About Archive Tags RSS Feed

 

The problem with the English language is all those pesky words

29 June 2008 21:50

There exist many bayasian/statistical spam filters, ranging from products such as spambayes, and spamassassin, to crm114. Each of them works in their own way. Having used and tested almost all of them I've noticed a common flaw.

The vast majority of spam-filters struggle to correctly classify "419 scam" mails, lottery fraud, and similar mails.

Why is that? In general, having read hundreds of these mails, I can see several things that are common in these kind of the mails:

  • Mention of currency in both numeric and word forms. ($1,000,000 + 1 million US dollars)
  • Mention of a country / nationality (Sierra Lione, Nigerian)
  • Mention of a reference/claim number and often "official address".
  • Christian references.
  • Greetings such as "dear friend", and mentions of discretion/secrecy.
  • Size. (A scam mail is typically greater in length than an average spam mail).

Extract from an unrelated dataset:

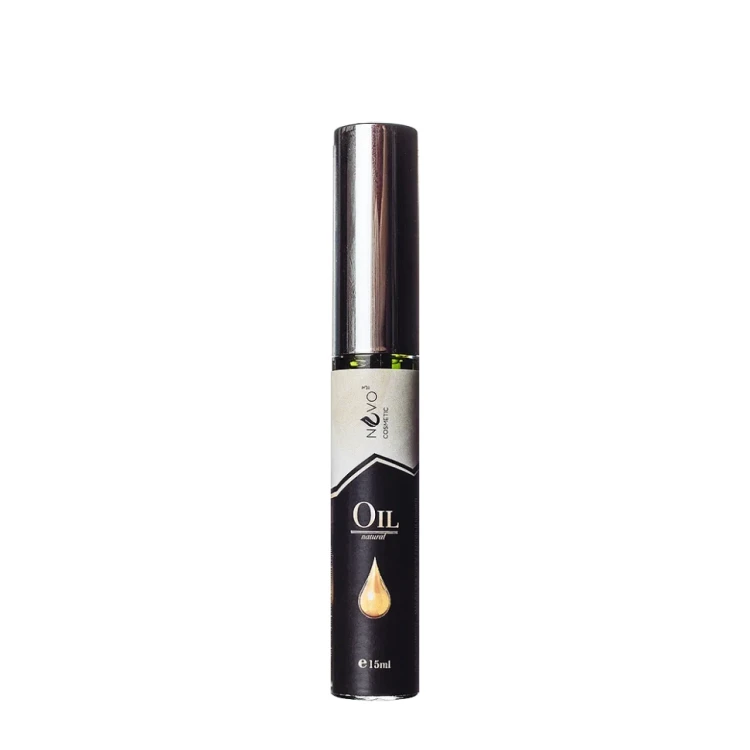 Масло для роста ресниц и бровей / NVO-3 Cosmetic 15 мл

Whilst none of these individually are indicative of a scam mail it is interesting to count their combined occurance.

I've written a toy program to count these things, and so far the success rate is >60% which is a reasonable start - providing this kind of detection occurs after normal filtering.

I may experiment further, but I figured a public query on scam detection might be appropriate.

Whilst the detecting a scam mail is a subset of detecting a spam email there are probably simplifications that may be made, and exploring those wouldn't be a bad thing.

ObQuote: Buffy.

| 3 comments

 

Comments on this entry

icon cstamas at 18:12 on 29 June 2008
Did you tried dspam? Maybe it's worth a try.
icon Marek at 09:17 on 30 June 2008
Hi Steve,
I filter my mailbox using just crm114, and I have to say it's a long time since I remember a 419 making it into my Ham folder. I glanced through the few days of Spam (15k messages) and there are plenty of them there, so I guess my crm114 CSS tables have learned "millions", "dollars", "dear friend", "confidential", "inheritance", "address" and "passport" in close proximity are bad signs.
Stay crispy,
Marek

icon Steve at 14:29 on 30 June 2008

I've tried dspam. In my use, and testing, CRM114 was better. But even that fails with a lot of the spam that I'm seeing.

Right now I'm detecting maybe 2 million spam mails a month, and having 10-20,000 messages be "unsure".